Son días de controversias judiciales y ciudadanas, pero lo que subyace es un debate de derechos y sobre la gestión municipal de las políticas de vivienda. El desahucio fallido, hasta ahora, de la denominada Casa Orsola ha descarnado la realidad desde cuatro ángulos de vista.
El primero, una propiedad amparada en su uso por diversas resoluciones judiciales y el derecho al pleno disfrute.
El segundo, un Ayuntamiento y un Síndico de Greuges que en un pasado muy reciente han sido azotes de la libertad en el ejercicio del derecho a la propiedad y nulos promotores de vivienda social.
El tercero, unos inquilinos cuya renovación del contrato de alquiler era entendida como una obligación del arrendador sin más. Y el cuarto, unas entidades que promueven manifestaciones callejeras con el común denominador de las subvenciones públicas con las que profusamente son regadas para su activismo, sic.
Es evidente que debe protegerse al inquilino frente a la propiedad ante cualquier infracción del contrato firmado. Ya lo hace la ley y la Justicia. Otra cosa es confundir lo anterior con un derecho perpetuo de alquiler en la que el propietario vea limitada la renta del inmueble y la duración de los contratos.
El derecho si se torna en abuso no es derecho. Cierto es que algunos inquilinos pueden hallarse en el momento de la extinción de su contrato en una situación sobrevenida de precariedad o que la renta para prorrogar el arrendamiento sea inaccesible.
En estos supuestos no se puede trasladar a la propiedad ante una situación dramática. Aquí es cuando la administración debe personarse y responder. Es ahí donde el Ayuntamiento debe ser capaz de ofertar una vivienda alternativa a quien lo necesita y no puede acceder a una vivienda.
Sin embargo, la realidad es otra. Se pretende que la propiedad privada supla las carencias de la gestión pública y cargue con unas responsabilidades y obligaciones que corresponden a la administración.
Debiéramos preguntarnos si con una legislación que protegiera de verdad y con una Justicia célere a la propiedad, y no a los okupas y a la morosidad, el mercado de alquiler no habría descendido tanto en su oferta.
Cada vez más, el propietario se siente indefenso y opta por poner a la venta la vivienda en alquiler o torna su uso de residencial a turístico o de alojamiento temporal.

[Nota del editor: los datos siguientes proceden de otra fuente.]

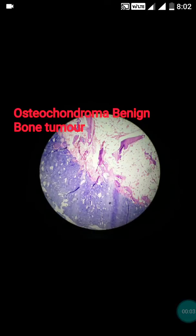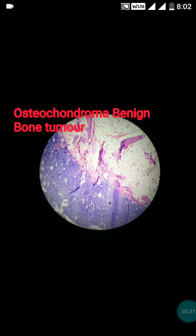Let's do the discussion of osteochondroma. It's the most frequent benign bone tumor. Such patients are usually asymptomatic, but sometimes it might lead to deformity of the bone or it may interfere with the function of adjacent structures like tendons. The patient might get an X-ray, and radiographically it's very easy to diagnose osteochondroma, but sometimes an orthopedic surgeon might send it for histopathological examination. This case was from a 22-year-old female patient; the biopsy was received from the lower end of the femur.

Lo anterior, afianza la reducción de los pisos disponibles de alquiler y colateralmente su carestía.
El Ayuntamiento debe construir vivienda social y velar por los derechos de propietarios e inquilinos y no enfrentarlos. Eso es lo que hacía Ada Colau muy bien para silenciar su muy mala política, por inexistente, de vivienda.
Si el propio gobierno municipal en el pleno consistorial del pasado viernes acusó a los comunes de que la Casa Orsola era una “chapuza” de los comunes ha de recordar todo lo que pudieron hacer los neocomunistas cuando gobernaban y no lo hicieron con la Casa Orsola y tantos otros edificios de la ciudad.
Mientras, la izquierda extrema se manifestará y hará el ruido propio de los radicales que han sustituido su lucha de clases por el odio social. Y lo peor de todo es que vecinos y gente de buena fe aún les puedan creer.
Se debiera tener el coraje de defender los derechos de todos, también, el de la propiedad. Los de los inquilinos deben ser salvaguardados con alternativas de vivienda pública, sobre todo en los supuestos de vulnerabilidad e ignorados cuando se produzcan excesos o simplemente haya “mucha jeta”.
La propiedad es un derecho como una casa y los inquilinos, los ciudadanos, tienen derecho a ella, pero la obligación de procurársela es de las administraciones que ocultan sus responsabilidades en el trastero de su propia incompetencia.